A girl with three biological parents - ColinWright
http://www.bbc.co.uk/news/magazine-28986843
======
fasteo
I did not want to comment in this thread as I am heavily biased and my opinion
cannot be very objective, but let me just try to clarify some facts:

About me: I do have a mitochondrial disease. In some of my cells, my
mitochondrial DNA is not complete. If you think about it as a circle, about
one third of that circle is missing. It is called a "heteroplasmic single
deletion mtDNA mutation".

1\. The mitochondrial DNA, much like the nuclear DNA, is a blueprint for
building bits and pieces of our body.

2\. The mitochondrial DNA encodes parts that are necessary to build the
electron transport chain, i.e., to derive energy from food.
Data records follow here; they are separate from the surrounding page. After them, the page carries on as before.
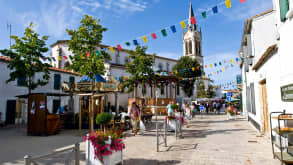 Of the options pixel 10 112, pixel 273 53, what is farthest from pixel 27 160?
pixel 10 112

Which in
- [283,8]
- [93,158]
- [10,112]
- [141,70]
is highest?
[141,70]

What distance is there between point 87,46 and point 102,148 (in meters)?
9.94

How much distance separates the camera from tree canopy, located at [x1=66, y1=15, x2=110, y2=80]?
1299 cm

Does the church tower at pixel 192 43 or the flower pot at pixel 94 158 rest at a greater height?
the church tower at pixel 192 43

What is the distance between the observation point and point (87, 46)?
13.5 m

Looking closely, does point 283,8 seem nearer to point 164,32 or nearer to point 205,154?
point 164,32

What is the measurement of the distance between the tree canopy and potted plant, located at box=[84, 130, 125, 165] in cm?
851

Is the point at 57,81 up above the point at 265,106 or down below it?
above

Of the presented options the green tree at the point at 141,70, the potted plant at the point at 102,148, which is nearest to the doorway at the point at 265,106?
the potted plant at the point at 102,148

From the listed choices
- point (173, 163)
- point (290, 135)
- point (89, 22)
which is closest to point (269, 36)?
point (290, 135)

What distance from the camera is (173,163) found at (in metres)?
5.50

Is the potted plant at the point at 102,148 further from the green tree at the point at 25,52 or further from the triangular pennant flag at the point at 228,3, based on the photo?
the green tree at the point at 25,52

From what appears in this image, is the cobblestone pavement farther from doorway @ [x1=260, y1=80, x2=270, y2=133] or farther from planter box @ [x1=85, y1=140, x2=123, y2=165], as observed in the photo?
doorway @ [x1=260, y1=80, x2=270, y2=133]

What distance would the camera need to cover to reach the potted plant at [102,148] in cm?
477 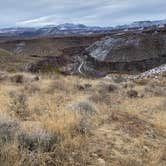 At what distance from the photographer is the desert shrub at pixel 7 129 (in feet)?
18.1

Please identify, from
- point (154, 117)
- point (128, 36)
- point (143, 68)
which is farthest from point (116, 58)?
point (154, 117)

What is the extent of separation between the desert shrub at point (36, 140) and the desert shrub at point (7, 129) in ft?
0.37

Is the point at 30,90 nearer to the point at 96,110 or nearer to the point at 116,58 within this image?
the point at 96,110

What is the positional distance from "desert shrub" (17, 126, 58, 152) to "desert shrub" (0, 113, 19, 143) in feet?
0.37

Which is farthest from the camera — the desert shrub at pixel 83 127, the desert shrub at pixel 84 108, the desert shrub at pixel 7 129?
the desert shrub at pixel 84 108

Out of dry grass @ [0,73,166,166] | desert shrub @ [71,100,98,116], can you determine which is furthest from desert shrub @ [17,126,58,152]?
desert shrub @ [71,100,98,116]

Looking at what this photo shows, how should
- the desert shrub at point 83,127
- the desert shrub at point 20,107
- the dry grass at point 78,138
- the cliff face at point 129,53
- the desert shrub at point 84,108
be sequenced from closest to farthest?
1. the dry grass at point 78,138
2. the desert shrub at point 83,127
3. the desert shrub at point 20,107
4. the desert shrub at point 84,108
5. the cliff face at point 129,53

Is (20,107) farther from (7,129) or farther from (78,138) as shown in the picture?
(7,129)

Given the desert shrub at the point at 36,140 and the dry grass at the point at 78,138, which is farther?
the desert shrub at the point at 36,140

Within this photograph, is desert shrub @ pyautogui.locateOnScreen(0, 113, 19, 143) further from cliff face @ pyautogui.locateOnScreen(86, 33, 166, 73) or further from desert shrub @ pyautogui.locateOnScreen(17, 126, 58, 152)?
cliff face @ pyautogui.locateOnScreen(86, 33, 166, 73)

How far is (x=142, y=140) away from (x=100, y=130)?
2.64 ft

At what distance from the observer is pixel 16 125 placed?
618cm

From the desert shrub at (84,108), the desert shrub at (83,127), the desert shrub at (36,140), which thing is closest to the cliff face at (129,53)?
the desert shrub at (84,108)

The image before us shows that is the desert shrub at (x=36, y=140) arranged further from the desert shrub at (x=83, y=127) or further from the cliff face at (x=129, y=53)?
the cliff face at (x=129, y=53) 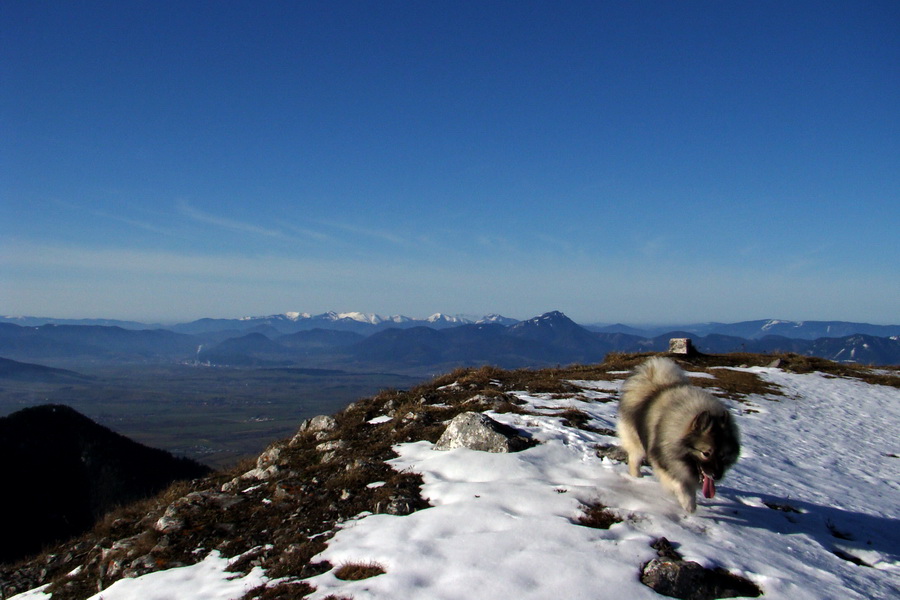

In the car
analogy, it encodes parts of the core engine (spark, combustion chamber, etc);
the last step in the whole metabolic process.

3\. The mitochondrial DNA does not encode anything outside of the electron
transport chain. So, no blue eyes, no blonde, no smart. Nada.

4\. This law will allow some kids to have a normal metabolism and a normal
life. Nothing more. Nothing less.

5\. I am well aware that this will open lots of possibilities for future
genetic manipulation, but bear in mind that mtDNA is much more simpler than
nuclear DNA and they are two distinct entities, so this law has no application
in the field of traditional (nuclear) genetic manipulation.

Hope this helps.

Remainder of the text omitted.